And that brings me to a third reason: some of these projects were primarily designed to serve public officials’ interests. The only reason governors of the states that produce nothing or contribute little into the national wallet would build an airport is because the governor thought it would ease his movement from his state capital to the FCT where he spends a huge part of his time lobbying and toadying before idle minds like himself.
Concrete projects like that are thus mainly self-directed. They are for public officials who want to legitimately use public resources to build projects that will service them and theirs. That is why those projects are most unusable to the poverty-stricken people in their states. How many people in the whole of the 15 states that built these airports earn enough salaries to even buy a plane ticket? Yet, their governor built it. Why? Well, because he does not expect his constituents to ever use it. In fact, he would prefer them not to use the airport, so it remains exclusive to him and those for whom he built it. Such a project being unconnected to any larger economic plan regularly lies dormant until the day Oga lands in his private jet and takes off again. That is the whole point: using public resources for private ends.

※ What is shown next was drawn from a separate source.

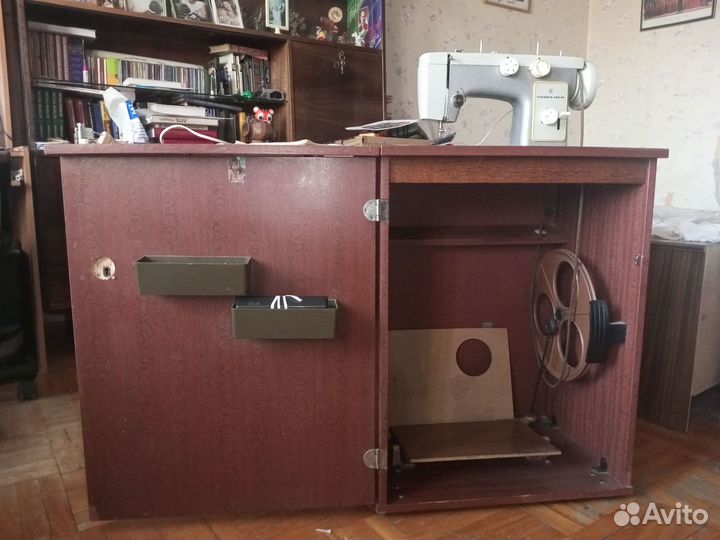 Швейная машинка чайка 142м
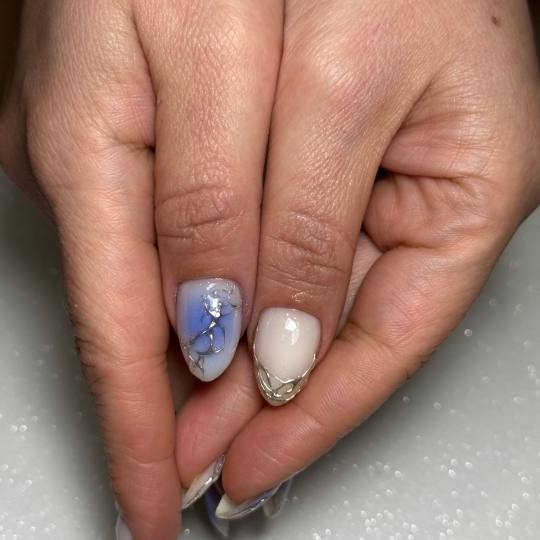 Lily Nails #sarajevo Gel lak Ojačavanje prirodnih noktiju gelom - ruke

All over Nigeria, projects like those 15 airports consume money without returns. Some would have at least found some use if they were maintained but the point of their existence was never about sustainability; they were merely a pipeline for drawing money and covering up the ideological emptiness of the project executors.
It will take a long time for Nigerians to reorient themselves to look beyond a democracy that delivers concretely and begin to demand meaning. Until that day comes, states should not be allowed to run individual agenda that does not fit into a larger national scheme of action. Unless they convincingly demonstrate the viability of those projects, they should not be approved. Such projects are a waste of scarce resources and those who executed them knew that much.